Councillors need to do battle for additionality and development


``One hundred years ago, there were 5,000 people living in Drumshambo. Now there are 800.''

That has been the story of Leitrim: no viable livelihood on the land, no jobs, forestry relentlessly creeps over the villages, closing them down: the rivers run sour from acid of spruce trees, fish die, lakes are polluted, young people leave for bigger towns and other countries, leaving no young families. Shops, facilities, schools close, houses fall into disrepair, social life in the towns disappears and a community dies. ``Everyone in Connaught knows this story,'' says Hugh James Gallagher.

Hugh James is following in the footsteps of his father, John Gallagher, who along with John Joe McGirl, as young men in the 1960s, went in to Leitrim Council to do battle for the county.

``But things have moved on'', says Hugh James. ``In those days, land sold for £4 an acre. Now it is between £1,500 and £2,000. And then there were 150,000 people in the county; now there are 25,000. Our life in Leitrim, as generations have known it, is dying.''

Blame?


Most people blame the forestry. In the days of the old Land Commission, it was possible for farmers to stop the planting of trees. Farmers in the congested areas needed the land for viable farming, and the commission was in a position to redistribute the land to them. That put a stop to encroachments from forestry.

But then Fianna Fáil governments ran down the Land Commission and neglected to redistribute the land to farmers who needed it. Thereafter, if a farmer stood in the way of forestry, he could be subjected to court injunction which rendered him liable to costs incurred through delay in planting by the forestry. No farmer could afford that risk.

Robbed of legal means to oppose the forestry, farmers resorted to illegal means, but in the end, the trees came in, and the people moved out.

But it wasn't just the trees which came in. It was investors who bought up the land at prices which local farmers could not afford, which, as Hugh James explains, brought Leitrim back to the days of the absentee landlords once more.

New absentee landlords


The main absentee landlord is Coillte, the semi-state forestry company, along with Irish Woodland, and Greenbelt, and a relative newcomer to the field, the Irish Forestry Unit Trust, (IFUT) which is a joint venture company set up with Coillte, Allied Irish Bank Investment Managers and Irish Life in 1994.

The EU wanted farmers out of cattle and sheep, because of overproduction and because it costs the Germans too much to keep them in it. Consequently the EU, in the 1990s, offered considerable support to forestry.

There are forestry grants of £1,800 per hectare which cover all the costs of drainage, planting and fencing. In addition, there is a annual grant of £115 per hectare, pledged until 2025, which was specifically intended to compensate farmer-owners, those ``practising farming as a main occupation'', for the loss of revenue on planted land for the 30 years until the trees reached maturity. The EU funds 75% of this money. The residue is funded by the Government.

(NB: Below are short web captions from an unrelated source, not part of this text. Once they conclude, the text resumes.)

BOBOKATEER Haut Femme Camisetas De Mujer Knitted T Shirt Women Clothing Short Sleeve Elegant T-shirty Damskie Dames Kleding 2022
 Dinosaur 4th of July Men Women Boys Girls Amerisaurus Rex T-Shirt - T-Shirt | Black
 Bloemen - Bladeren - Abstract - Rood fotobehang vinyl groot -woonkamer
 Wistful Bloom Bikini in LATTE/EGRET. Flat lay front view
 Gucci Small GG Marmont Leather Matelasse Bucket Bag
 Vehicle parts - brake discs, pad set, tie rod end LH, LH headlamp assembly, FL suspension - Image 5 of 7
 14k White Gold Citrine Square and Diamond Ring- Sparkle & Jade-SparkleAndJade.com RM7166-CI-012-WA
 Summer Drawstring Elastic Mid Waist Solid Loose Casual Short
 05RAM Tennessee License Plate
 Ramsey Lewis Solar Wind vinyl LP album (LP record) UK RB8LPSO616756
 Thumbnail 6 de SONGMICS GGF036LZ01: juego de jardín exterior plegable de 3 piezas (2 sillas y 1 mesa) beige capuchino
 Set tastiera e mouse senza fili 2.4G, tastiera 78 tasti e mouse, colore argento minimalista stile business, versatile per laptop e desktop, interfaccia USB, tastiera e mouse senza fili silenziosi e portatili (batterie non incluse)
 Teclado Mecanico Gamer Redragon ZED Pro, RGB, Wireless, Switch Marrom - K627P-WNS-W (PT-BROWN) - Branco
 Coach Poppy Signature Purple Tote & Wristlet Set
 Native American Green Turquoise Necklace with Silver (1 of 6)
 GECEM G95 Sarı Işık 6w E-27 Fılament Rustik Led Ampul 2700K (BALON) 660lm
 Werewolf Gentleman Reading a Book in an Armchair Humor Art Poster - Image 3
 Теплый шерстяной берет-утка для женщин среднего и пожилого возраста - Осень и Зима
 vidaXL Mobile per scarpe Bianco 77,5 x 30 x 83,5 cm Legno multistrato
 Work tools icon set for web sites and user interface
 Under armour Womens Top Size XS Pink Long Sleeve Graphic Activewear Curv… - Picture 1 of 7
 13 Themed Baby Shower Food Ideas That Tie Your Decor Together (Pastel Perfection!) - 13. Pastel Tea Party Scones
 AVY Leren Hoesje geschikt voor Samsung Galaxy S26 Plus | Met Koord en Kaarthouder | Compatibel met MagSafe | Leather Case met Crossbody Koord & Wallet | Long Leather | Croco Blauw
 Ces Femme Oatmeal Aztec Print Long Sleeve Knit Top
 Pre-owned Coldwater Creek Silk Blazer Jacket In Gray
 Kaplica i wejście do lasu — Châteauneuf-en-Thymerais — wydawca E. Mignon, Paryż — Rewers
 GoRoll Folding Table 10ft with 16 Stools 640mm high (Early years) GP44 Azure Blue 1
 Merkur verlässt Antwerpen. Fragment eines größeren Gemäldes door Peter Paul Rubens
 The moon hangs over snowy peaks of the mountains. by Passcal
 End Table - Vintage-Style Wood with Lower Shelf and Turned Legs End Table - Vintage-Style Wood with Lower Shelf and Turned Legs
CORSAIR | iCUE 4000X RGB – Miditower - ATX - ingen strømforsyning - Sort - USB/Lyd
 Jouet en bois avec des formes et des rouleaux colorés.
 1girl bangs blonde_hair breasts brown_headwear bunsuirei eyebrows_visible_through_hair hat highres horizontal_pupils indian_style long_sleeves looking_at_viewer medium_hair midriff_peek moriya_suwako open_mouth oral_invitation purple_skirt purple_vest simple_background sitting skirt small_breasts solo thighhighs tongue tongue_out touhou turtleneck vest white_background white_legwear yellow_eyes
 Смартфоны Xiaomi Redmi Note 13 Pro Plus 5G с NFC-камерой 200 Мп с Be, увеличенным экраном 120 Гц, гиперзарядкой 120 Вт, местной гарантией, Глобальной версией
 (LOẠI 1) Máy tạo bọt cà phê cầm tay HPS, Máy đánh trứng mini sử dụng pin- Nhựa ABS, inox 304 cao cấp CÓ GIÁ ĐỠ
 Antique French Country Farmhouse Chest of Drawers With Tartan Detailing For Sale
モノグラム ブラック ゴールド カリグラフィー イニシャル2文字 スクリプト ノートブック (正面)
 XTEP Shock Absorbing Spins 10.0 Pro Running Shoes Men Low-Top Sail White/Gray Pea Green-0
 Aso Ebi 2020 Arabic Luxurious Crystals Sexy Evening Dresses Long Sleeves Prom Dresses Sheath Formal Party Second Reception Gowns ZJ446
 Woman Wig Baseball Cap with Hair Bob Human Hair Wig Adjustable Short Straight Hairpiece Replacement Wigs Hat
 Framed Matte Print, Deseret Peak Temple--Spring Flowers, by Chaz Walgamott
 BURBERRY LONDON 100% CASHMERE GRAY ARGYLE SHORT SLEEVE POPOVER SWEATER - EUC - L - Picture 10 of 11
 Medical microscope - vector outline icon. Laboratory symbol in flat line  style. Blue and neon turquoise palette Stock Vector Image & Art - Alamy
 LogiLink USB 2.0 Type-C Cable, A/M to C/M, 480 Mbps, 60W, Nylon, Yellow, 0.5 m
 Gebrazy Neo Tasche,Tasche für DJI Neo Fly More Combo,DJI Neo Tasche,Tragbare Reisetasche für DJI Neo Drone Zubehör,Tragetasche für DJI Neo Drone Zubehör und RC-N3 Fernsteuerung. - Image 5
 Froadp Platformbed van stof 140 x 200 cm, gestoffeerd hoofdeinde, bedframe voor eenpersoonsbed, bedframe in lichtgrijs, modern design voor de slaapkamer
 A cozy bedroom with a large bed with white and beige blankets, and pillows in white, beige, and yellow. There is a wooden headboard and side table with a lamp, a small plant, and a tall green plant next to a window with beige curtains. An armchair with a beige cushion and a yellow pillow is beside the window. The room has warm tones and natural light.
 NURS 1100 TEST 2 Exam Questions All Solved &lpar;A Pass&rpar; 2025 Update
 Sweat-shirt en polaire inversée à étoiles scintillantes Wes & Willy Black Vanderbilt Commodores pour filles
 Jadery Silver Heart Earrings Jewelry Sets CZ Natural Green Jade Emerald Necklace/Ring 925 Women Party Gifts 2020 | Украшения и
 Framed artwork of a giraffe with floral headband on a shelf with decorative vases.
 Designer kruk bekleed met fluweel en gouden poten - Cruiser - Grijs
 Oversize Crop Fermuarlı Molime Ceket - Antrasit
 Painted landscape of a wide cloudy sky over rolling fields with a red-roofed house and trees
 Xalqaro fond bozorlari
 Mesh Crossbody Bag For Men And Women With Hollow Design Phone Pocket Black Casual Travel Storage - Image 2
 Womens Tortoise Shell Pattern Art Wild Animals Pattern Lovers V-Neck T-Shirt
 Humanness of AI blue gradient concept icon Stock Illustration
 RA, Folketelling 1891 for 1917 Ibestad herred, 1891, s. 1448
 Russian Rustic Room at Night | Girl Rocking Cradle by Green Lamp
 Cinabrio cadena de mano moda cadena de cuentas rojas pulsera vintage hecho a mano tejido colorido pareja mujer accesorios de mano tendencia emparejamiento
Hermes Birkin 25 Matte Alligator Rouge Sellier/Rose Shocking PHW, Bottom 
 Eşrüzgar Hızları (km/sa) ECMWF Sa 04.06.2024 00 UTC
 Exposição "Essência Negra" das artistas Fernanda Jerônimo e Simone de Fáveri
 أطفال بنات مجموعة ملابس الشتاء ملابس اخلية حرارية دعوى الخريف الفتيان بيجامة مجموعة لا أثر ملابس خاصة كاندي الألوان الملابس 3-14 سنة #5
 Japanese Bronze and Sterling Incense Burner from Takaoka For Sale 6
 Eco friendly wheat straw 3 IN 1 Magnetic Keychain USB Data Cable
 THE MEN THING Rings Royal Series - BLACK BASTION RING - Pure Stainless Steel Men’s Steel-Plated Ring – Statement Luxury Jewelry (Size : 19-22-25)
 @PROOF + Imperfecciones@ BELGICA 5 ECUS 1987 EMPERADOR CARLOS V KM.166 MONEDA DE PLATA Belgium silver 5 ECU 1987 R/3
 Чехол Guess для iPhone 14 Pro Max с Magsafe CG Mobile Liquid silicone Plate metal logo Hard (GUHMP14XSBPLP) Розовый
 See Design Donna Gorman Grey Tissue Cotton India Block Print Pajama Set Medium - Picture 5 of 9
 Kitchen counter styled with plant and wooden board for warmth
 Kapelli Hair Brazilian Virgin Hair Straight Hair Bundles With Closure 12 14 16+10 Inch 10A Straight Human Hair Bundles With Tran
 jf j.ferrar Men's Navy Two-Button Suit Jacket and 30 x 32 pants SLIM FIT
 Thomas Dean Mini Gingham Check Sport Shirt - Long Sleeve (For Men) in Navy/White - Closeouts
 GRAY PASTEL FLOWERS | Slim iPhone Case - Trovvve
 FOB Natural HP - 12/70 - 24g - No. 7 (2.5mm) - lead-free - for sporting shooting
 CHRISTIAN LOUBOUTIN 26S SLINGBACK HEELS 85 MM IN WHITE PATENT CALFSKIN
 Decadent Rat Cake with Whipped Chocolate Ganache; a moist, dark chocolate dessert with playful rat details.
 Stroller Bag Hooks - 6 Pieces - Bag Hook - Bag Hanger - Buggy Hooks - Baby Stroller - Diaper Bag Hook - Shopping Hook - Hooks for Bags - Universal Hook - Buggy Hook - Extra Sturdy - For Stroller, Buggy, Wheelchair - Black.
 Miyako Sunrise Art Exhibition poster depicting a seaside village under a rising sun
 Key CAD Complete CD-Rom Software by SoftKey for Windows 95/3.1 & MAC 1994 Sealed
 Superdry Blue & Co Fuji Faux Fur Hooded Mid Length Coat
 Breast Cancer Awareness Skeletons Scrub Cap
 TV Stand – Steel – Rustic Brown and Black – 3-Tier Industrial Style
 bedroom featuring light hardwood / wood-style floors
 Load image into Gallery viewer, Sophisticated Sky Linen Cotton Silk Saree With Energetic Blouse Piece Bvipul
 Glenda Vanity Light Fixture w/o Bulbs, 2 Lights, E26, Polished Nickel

Misappropriation of EU funds


So forestry became a very profitable investment. Coillte and other forestry investment companies are drawing down not only the planting grants, but also the annual acreage grant, which was intended for the small farmers. Coillte, according to Minister Woods last year, received £30.9 million in EU funding over the previous five years, and a further £13.8 million was awarded to investors.

Altogether since the introduction of the CAP forestry programme seven years ago, Coillte has received £225 million in planting grants and a further £47 million in annual premium payments, according to James O'Grady of the Waterford IFA Forestry section.

Friends of the Irish Environment (FIE) complained to the European Court of Auditors last April. They invited the EU Court of Auditors to investigate the take up of these funds by investors, rather than by the small farmers the funds were meant to assist.

Woods Replies


Last week, Joe Higgins, TD asked Minister Woods if the department had received any enquiry into the allocation of this funding, from the EU Court of Auditors. The minister replied that `he didn't know of any'.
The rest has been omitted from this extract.